MWL notes: Bisson battling back

TinCaps infielder finding his way after frightening injury in 2010

Chris Bisson was a fourth-round pick of the Padres in the 2010 Draft. (Fort Wayne TinCaps)

By Curt Rallo / Special to MLB.com | May 12, 2011 6:00 AM

When Chris Bisson's vision came into focus after he took a 96 mph fastball in the face last season while playing for the University of Kentucky, he saw his nose, which was turned sideways. He took it as a good sign.

"I fell to the ground; I didn't pass out," said Bisson, a fourth-round pick of the Padres who is playing second base for Fort Wayne. "When I got up, my eyes were watered, and I was scared to death that I couldn't see. Everything was blurred.

"Once I started blinking a lot, I saw my nose was in the way, because it was sideways. I was like, 'Oh, boy.' But then I was like, 'Thank God it's just my nose,' because it could've been worse. It could've been my forehead or temple."

Bisson's injury occurred March 6, 2010, in a game in which Monmouth pitchers hit 10 batters, tying an NCAA record. Kentucky's 14-13 victory was decided when a bases-loaded hit batsman brought home the winning run.

After seeing two curveballs, the All-American Bisson got a fastball. He expected another curve, but a bolt of lightning came his way.

"It was a two-seam fastball, 96 miles an hour," Bisson recalled. "I had no time. I didn't even react. I saw the video afterward. It wasn't pretty. My nose was messed up."

Bisson, who led the SEC in stolen bases with 32 thefts in 2010, returned to action five days later.

"I wore a mask," Bisson said. "Guys were like, 'Who's coming to bat, Darth Vader?'

"I came back in a game against Murray State. The bases were loaded, and coach walked down to me and said, 'What's up?' I'm like, 'Hey, give me a bat.' To me, you just have to get back out there. I got a single."

Stepping into the batter's box took an act of courage on Bisson's part.

"By no means was it easy," Bisson said. "That first fastball that blew by me close to my head, I got a bit of flashback. As soon as that thing comes toward my face, all I want to do is just bail out, because I don't want it to happen again. I'm getting a little more comfortable being able to read the ball."

San Diego loved the quickness and fight Bisson flashed on the field, and the Padres drafted him. But Bisson's first season in the pros hit roadblocks. The Ottawa native missed two weeks because of a visa problems, then sat out most of the season at Eugene due to post-concussion syndrome.

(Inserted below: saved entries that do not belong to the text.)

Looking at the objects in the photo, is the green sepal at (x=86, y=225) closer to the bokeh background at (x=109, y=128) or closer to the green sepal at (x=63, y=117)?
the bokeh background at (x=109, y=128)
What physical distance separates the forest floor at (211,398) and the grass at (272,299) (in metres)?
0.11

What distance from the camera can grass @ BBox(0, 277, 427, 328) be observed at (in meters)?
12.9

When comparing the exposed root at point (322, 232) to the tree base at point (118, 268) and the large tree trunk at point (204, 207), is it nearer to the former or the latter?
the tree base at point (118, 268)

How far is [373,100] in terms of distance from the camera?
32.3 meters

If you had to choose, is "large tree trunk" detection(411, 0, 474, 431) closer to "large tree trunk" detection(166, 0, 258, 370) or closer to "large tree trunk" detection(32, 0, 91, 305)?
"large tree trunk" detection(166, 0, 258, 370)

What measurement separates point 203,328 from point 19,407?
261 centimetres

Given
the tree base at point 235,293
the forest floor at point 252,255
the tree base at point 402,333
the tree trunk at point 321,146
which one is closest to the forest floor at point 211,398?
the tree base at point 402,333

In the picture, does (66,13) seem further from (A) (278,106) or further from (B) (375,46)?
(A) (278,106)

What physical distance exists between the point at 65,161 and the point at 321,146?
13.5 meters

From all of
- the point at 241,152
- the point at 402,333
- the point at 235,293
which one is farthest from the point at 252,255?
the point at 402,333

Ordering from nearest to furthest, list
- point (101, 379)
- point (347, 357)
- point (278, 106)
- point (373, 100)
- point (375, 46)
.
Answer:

"This season has been a long time coming," said the lefty-hitting Bisson, who's batting .230 with five stolen bases in 30 games. "I'm still getting back into the flow. Ever since I got hit, I haven't been the same. There are glimpses of what I used to be, how I used to play and how aggressive I was, and then there are times when I'm still timid against lefties. The Padres have been great about giving me time and working with me."

Bisson, 21, didn't play baseball until he was 15. He played softball with friends in Canada.

"That's where I got my slappy approach, playing softball," Bisson said. "It was just something to do with my friends, because they were all playing. Finally, my dad said, 'If you want to play baseball, let's put you in Little League.' I had a lot to learn, because we didn't have a high school team. I was trying to learn how to swing, because in softball, you just put it on the ground and go, because the bases are 35 feet away. When I got to Kentucky, I had a tough time. They worked a lot with me on my swing, but it got better my sophomore year."

In brief

Baseball island: Modern Woodmen Park, home of the Quad Cities River Bandits, was an island during flooding by the Mississippi River last week. Waters from the Mississippi reached 22 feet (flood stage is 18) and surrounded the park, but no games were lost. When half the season was wiped out in 1993 due to severe flooding, the city of Davenport put in flood protection for the ballpark. Parking lots to Modern Woodmen were underwater in the recent flooding, but the city built elevated walkways so fans could get from downtown parking areas to the ballpark.

Bullpen strength: Cedar Rapids' bullpen turned in an exceptional effort in a 17-inning, 4-3 victory over Burlington on May 4. Four Kernels relievers combined on 11 innings of shutout ball, including three hitless frames by right-hander Donn Roach. The two teams combined for 33 strikeouts in the contest, which took nearly five hours to complete.

Curt Rallo is a contributor to MLB.com. This story was not subject to the approval of the National Association of Professional Baseball Leagues or its clubs.